Exercise:
The data below holds a line containing "4th image of 421 Pleasant St" and a line containing "La Casa de Mi Abuela - Image 2"; please quote exactly those two lines and every line between them, and nothing else.

Task inputs:
=== Begin Enclosure ===
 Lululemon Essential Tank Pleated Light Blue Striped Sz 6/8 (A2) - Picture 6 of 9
=== End Enclosure ===
=== Begin Enclosure ===
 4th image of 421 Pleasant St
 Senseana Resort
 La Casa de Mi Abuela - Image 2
=== End Enclosure ===
=== Begin Enclosure ===
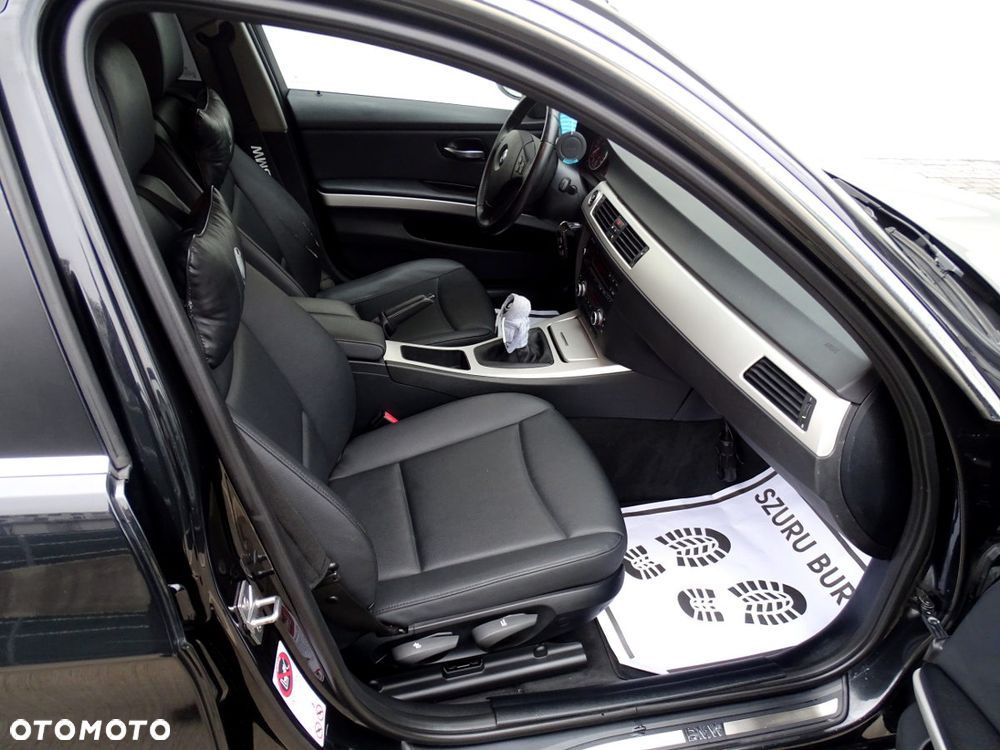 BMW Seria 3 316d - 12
=== End Enclosure ===
Answer box:
 4th image of 421 Pleasant St
 Senseana Resort
 La Casa de Mi Abuela - Image 2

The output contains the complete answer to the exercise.